Писательская деятельность и работы по нервной системе потребовали сидения в течение трех лет, притом сидения в лаборатории над погребом, и настолько расшатали мое здоровье, что я со свойственной мне мнительностью стал воображать бог знает что и начал приучать себя к мысли, что, вероятно, приходится оставить профессорство. Мысленно наметил себе даже преемника в лице одного молодого человека, напечатавшего в это время две очень хорошеньких работы за границей, которого, однако, я лично не знал. Судьба, как нарочно, доставила случай познакомиться с ним при его возвращении на родину через Петербург. Мысль о нем, как преемнике, была оставлена, другого подходящего в то время налицо не было, и я попробовал вылечить себя отдыхом и водами по совету Боткина. Денег от продажи изданий у меня было довольно, и я получил весной 1867 г. годовой отпуск за границу. Начало лета провел в Карлсбаде, поправился благодаря ежедневным длинным прогулкам на воздухе и отправился в Грац к профессорствовавшему там старому другу Роллету.

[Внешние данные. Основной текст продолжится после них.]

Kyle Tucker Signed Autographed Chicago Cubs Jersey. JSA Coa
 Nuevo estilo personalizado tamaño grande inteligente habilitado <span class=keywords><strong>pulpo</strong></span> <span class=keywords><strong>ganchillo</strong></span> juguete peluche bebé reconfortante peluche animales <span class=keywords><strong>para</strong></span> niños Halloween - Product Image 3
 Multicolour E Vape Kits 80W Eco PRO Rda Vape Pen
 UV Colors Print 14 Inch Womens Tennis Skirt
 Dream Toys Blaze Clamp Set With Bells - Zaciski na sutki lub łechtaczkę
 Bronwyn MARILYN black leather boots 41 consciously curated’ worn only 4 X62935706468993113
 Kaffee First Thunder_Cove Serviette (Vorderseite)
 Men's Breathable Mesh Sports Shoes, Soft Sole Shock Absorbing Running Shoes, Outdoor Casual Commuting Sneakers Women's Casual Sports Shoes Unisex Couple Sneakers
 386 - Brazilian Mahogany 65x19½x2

Туда же приехала только что кончившая учение в Цюрихе моя бывшая ученица Суслова, с целью выработать при моем содействии докторскую диссертацию. Тема ей была дана такая, что она могла работать у себя на квартире, и как раз по вопросу для тонких женских рук – над крошечными лимфатическими сердцами лягушки. Получила она очень хорошие результаты, установив несомненным образом ряд аналогий между нервным аппаратом сердец и рефлекторными кожно-мышечными снарядами, именно – возбудимость остановившихся сердец с кожи и диастолическую остановку их при том самом раздражении средних частей головного мозга, которое вызывает угнетение спинномозговых рефлексов. Знаю, что Ад. Фик, тогдашний профессор физиологии в Цюрихе, очень одобрил эту диссертацию. Она была переведена по-русски. В начале 1868 г. приехала навестить меня М. А., а весной отправилась в Цюрих доучиваться медицине.